======== Material supplied

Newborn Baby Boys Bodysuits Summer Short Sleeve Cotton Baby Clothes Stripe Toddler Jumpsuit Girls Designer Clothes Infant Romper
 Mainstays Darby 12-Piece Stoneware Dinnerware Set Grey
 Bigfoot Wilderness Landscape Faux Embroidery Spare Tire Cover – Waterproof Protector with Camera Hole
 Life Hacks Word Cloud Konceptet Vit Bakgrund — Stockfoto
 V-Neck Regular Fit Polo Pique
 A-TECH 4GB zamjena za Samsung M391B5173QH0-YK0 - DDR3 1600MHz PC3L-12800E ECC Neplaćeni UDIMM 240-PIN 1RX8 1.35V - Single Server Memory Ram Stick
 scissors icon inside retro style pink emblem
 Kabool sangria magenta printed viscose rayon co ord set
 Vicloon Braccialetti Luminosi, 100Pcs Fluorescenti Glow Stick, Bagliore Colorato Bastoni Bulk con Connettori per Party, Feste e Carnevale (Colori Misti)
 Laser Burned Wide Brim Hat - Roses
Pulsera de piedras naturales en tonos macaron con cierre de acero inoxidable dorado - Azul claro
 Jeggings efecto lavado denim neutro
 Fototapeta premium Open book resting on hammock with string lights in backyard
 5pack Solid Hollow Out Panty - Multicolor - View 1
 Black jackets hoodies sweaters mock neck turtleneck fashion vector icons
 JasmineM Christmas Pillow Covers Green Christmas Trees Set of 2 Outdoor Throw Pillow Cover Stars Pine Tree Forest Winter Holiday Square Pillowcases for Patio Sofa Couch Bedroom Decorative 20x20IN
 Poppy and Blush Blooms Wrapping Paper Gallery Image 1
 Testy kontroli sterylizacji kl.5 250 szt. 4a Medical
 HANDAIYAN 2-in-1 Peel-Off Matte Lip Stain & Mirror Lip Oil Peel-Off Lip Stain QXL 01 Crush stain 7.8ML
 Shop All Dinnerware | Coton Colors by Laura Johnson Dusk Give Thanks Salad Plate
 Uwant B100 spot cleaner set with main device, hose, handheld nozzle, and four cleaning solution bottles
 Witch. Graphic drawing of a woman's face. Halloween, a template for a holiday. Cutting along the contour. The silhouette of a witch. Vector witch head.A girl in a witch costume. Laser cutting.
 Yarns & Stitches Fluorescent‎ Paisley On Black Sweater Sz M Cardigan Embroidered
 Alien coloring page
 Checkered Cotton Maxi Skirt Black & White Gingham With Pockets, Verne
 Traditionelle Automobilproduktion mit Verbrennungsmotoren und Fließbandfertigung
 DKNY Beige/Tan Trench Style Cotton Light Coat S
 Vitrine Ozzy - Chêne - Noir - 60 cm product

================

--- Task statement ---
Only the lines from the one containing "Uwant B100 spot" through the last line of the entries above should be copied, exactly as written.

--- Task response ---
 Uwant B100 spot cleaner set with main device, hose, handheld nozzle, and four cleaning solution bottles
 Witch. Graphic drawing of a woman's face. Halloween, a template for a holiday. Cutting along the contour. The silhouette of a witch. Vector witch head.A girl in a witch costume. Laser cutting.
 Yarns & Stitches Fluorescent‎ Paisley On Black Sweater Sz M Cardigan Embroidered
 Alien coloring page
 Checkered Cotton Maxi Skirt Black & White Gingham With Pockets, Verne
 Traditionelle Automobilproduktion mit Verbrennungsmotoren und Fließbandfertigung
 DKNY Beige/Tan Trench Style Cotton Light Coat S
 Vitrine Ozzy - Chêne - Noir - 60 cm product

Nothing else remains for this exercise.